◆ **Work required**
The line containing "Sociotechnical Agendas Reviewing" marks the start of the required copy, which runs to the final line of the entries; return those lines exactly, without any pictures.

◆ **Raw data**
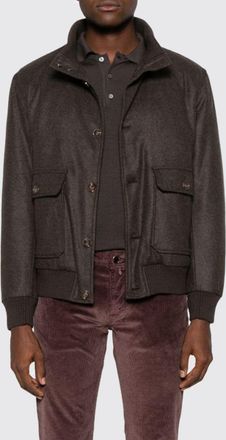 Canali Long-Sleeved Wool Knitted Polo Shirt with Three Buttons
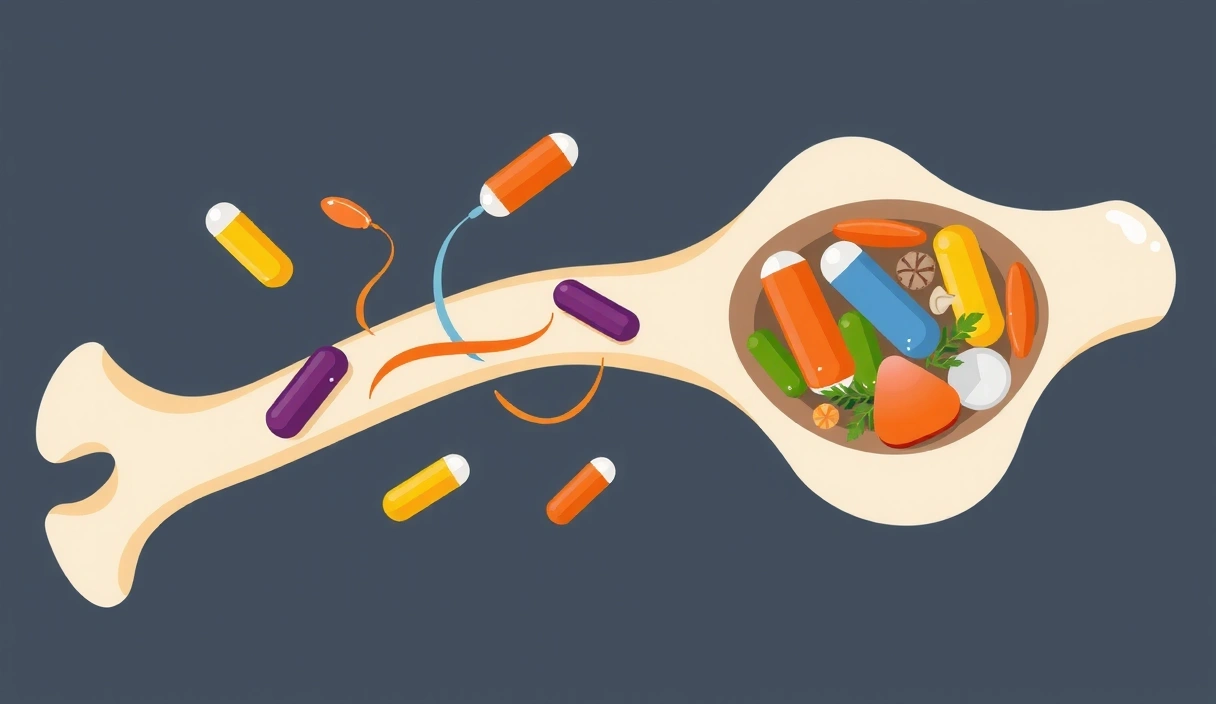 Abstract visual representation of bone structure and nutrient absorption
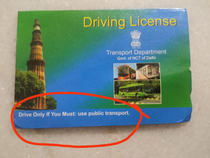 Indian Driving License discouraging drivers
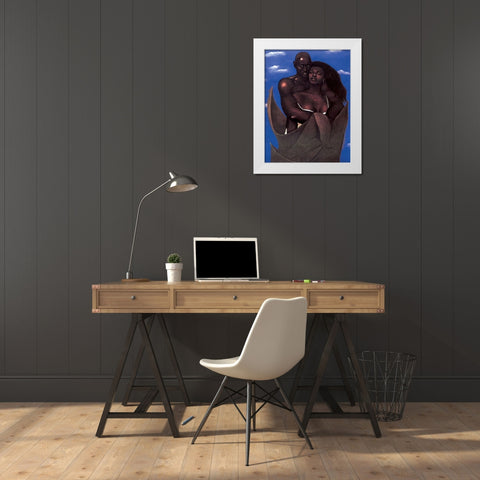 Embrace White Modern Wood Framed Art Print by Unknown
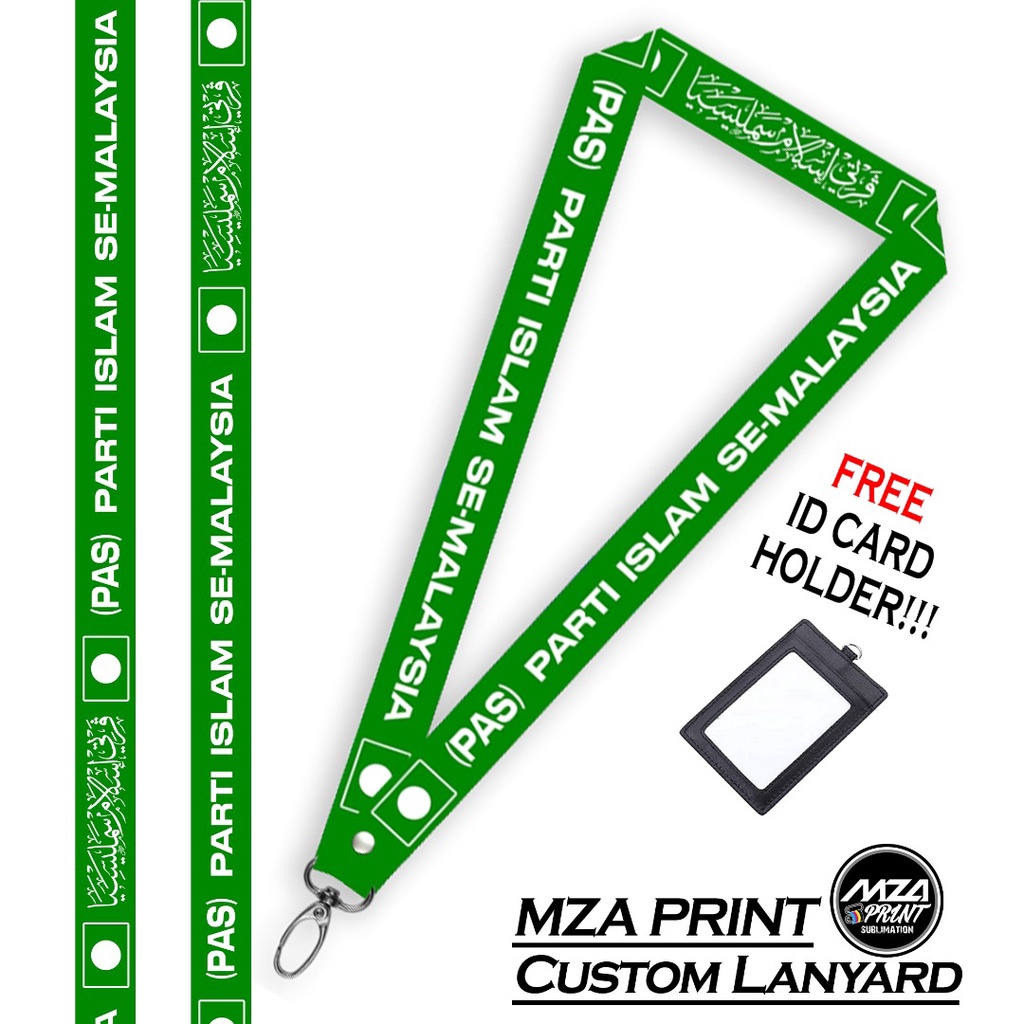 Custom Lanyard PRU 15 PAS Parti Islam Se-Malaysia Edition + FREE ID Holder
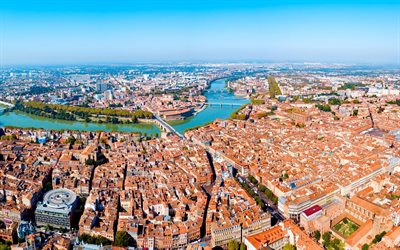 Toulouse, 4k, Garonne river, aerial view, Toulouse panorama, summer, morning, French cities, Toulouse cityscape, Pyrenees, France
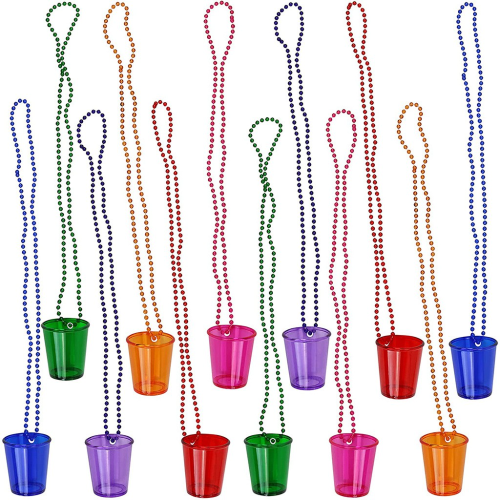 hot sale ball party plastic transparent bead chain cup bachelor party irish festival string bead necklace small wine glass
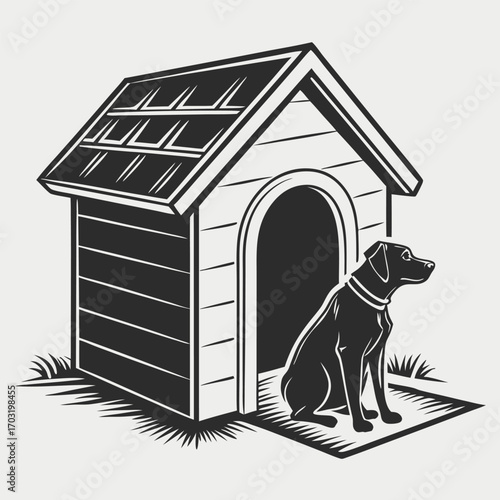 Dog Sitting Outside a Doghouse Illustration.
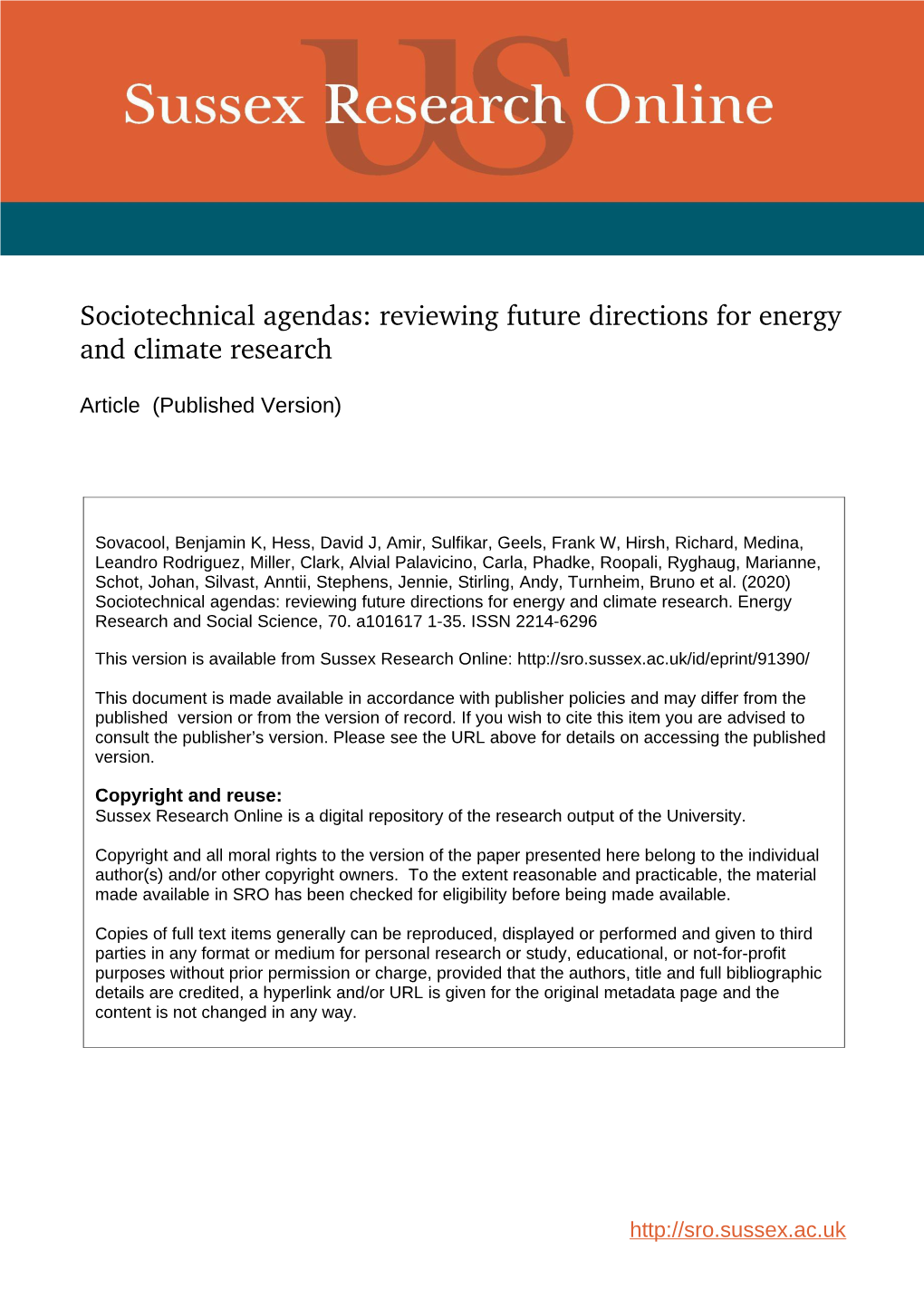 Sociotechnical Agendas Reviewing Future Directions for Energy and Climate Research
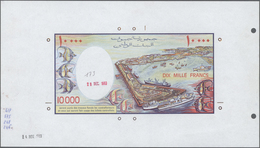 Djibouti / Dschibuti: Highly Rare Archival Back Proof Print Of The Banque De France For The 10.000 F - Djibouti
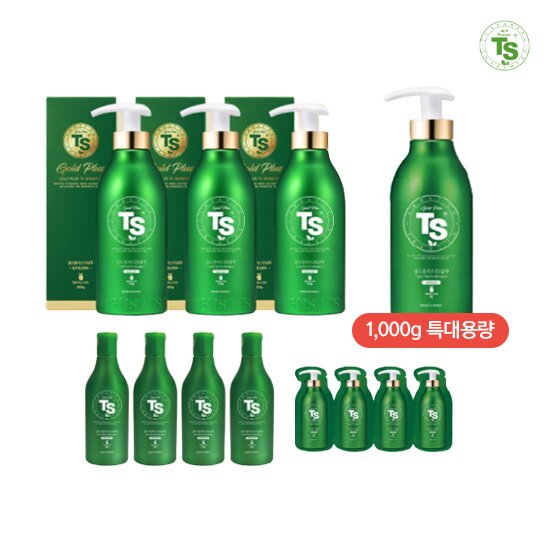 [최대용량 TS 샴푸구성] TS 골드플러스 탈모샴푸 500g*3개+ 1000g*1개+100g*4개+[무료체험분]6g*4개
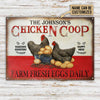 Personalized Chicken Fresh Eggs Daily Plymouth Rock Customized Classic Metal Signs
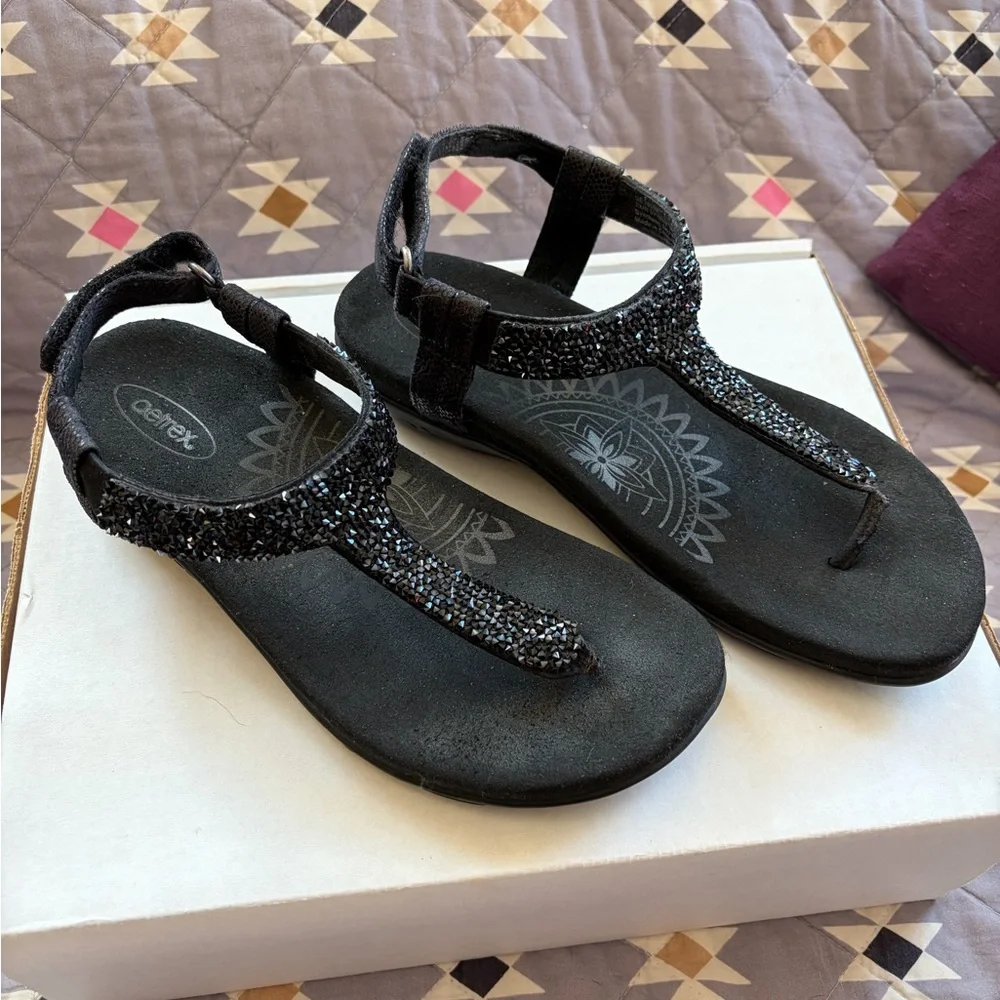 Aetrex Black Jeweled T-Strap Sandals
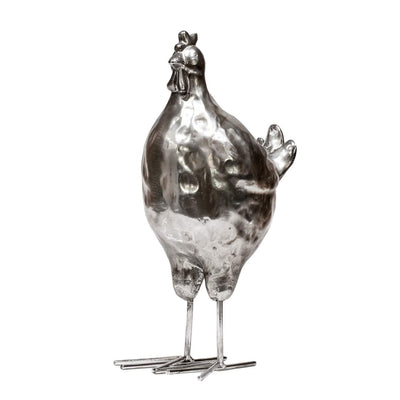 Ornament - Silver Chicken 28cm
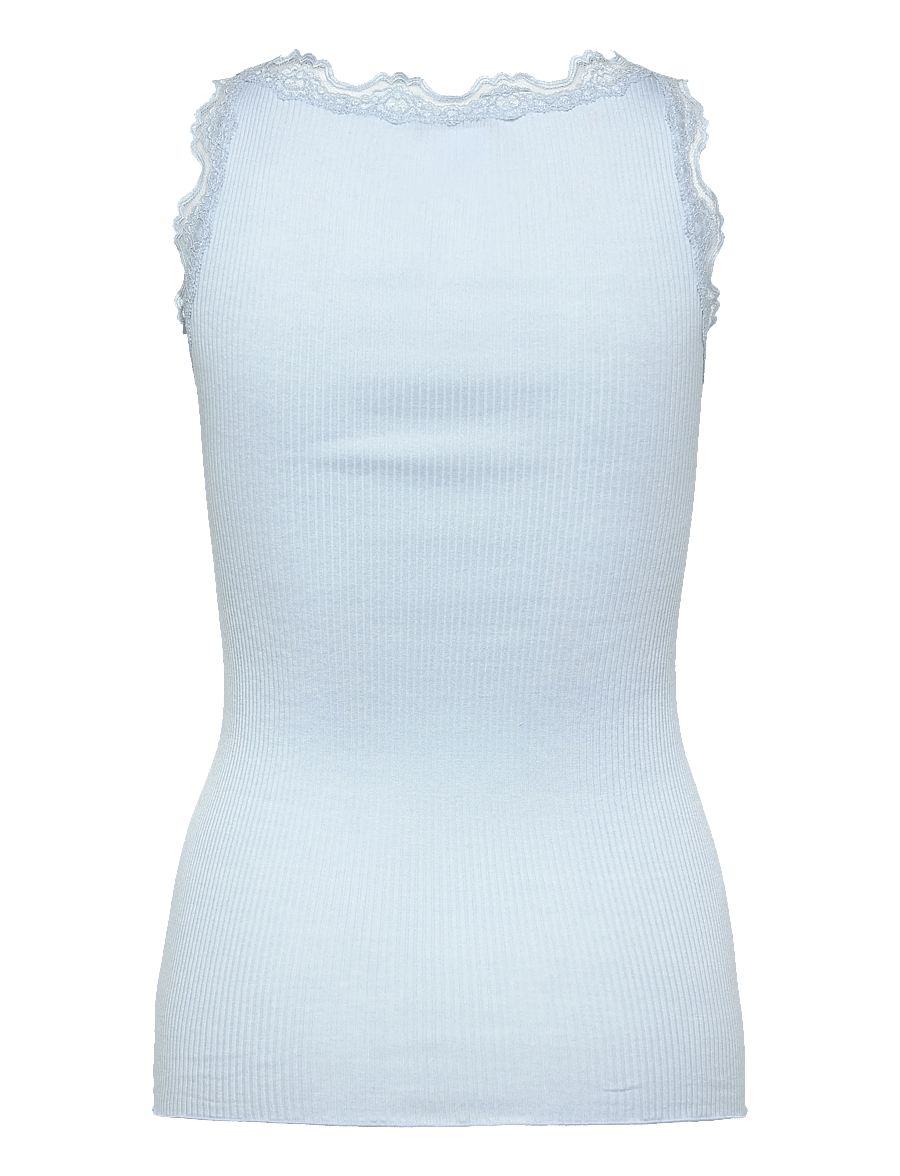 Rosemunde - RWBabette Silk SL U-neck Long Lace Top - varrukateta topid - nantucket blue - 2
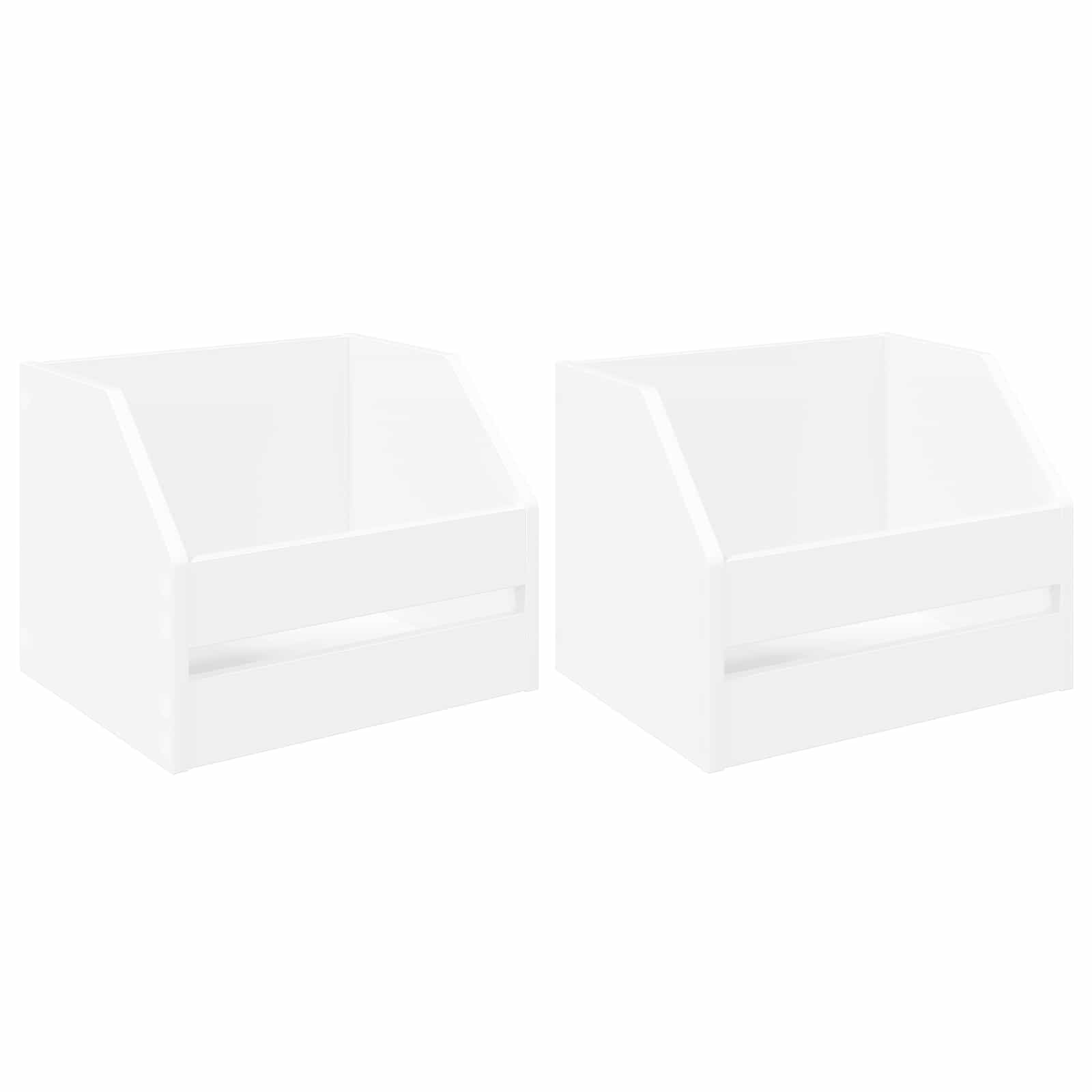 Vinyl Album Box 2 pcs White 38 x 30 x 29 cm Engineered Wood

◆ **Written solution**
 Sociotechnical Agendas Reviewing Future Directions for Energy and Climate Research
 Djibouti / Dschibuti: Highly Rare Archival Back Proof Print Of The Banque De France For The 10.000 F - Djibouti
 [최대용량 TS 샴푸구성] TS 골드플러스 탈모샴푸 500g*3개+ 1000g*1개+100g*4개+[무료체험분]6g*4개
 Personalized Chicken Fresh Eggs Daily Plymouth Rock Customized Classic Metal Signs
 Aetrex Black Jeweled T-Strap Sandals
 Ornament - Silver Chicken 28cm
 Rosemunde - RWBabette Silk SL U-neck Long Lace Top - varrukateta topid - nantucket blue - 2
 Vinyl Album Box 2 pcs White 38 x 30 x 29 cm Engineered Wood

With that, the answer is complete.